D'ailleurs, quand l'Egypte a voté l'adoption d'une résolution russe au conseil de sécurité favorable à Bachar El Assad, l'Arabie Saoudite s'était empressée de suspendre les livraisons de pétrole d'octobre 2016 à Mars 2017. C'était une leçon qu'Abdelfattah Al-Sissi n'est pas prêt à oublier.
Rapprochement entre l'Arabie Saoudite et Israël
Evidemment, dans ce Moyen-Orient riche en ressources pétolières et où se trouve Israël, rien ne se fait sans que ne soient impliqués les Etats-Unis. L'arrivée de Donald Trump a été à l'orgine d'un changement majeur de l'attitude de l'administration américaine envers l'Iran. Elle est synonyme d'un réveil des tensions latentes et d'une exacerbation des conflits.

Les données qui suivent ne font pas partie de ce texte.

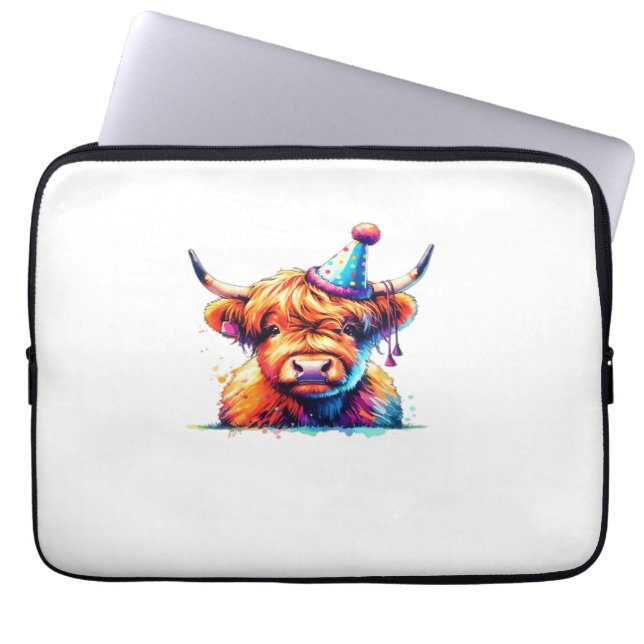 Capa Para Notebook Watercolor Scottish Highland Cow Birthday Essentia (Frente)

Selon cet expert, il ne faut pas s'étonner de voir une alliance entre Israël et l'Arabie Saoudite. Parce que l'Etat hébreu est "une aide inespérée dans la lutte acharnée contre l'Iran". Néanmoins, prévient Hasni Abidi, l'Arabie Saoudite pourrait y laisser des plumes en perdant sa crédibilité auprès de ses autres partenaires du Conseil de coopération du Golfe. "Le Koweit, qui joue un rôle de médiateur, et le Sultanat d’Oman, qui entretient de bonnes relations avec l’Iran, sont dans une position très réservée face au volontarisme de l’Arabie saoudite. L’Arabie saoudite est très ambitieuse sans avoir les moyens de ses ambitions", conclut-il.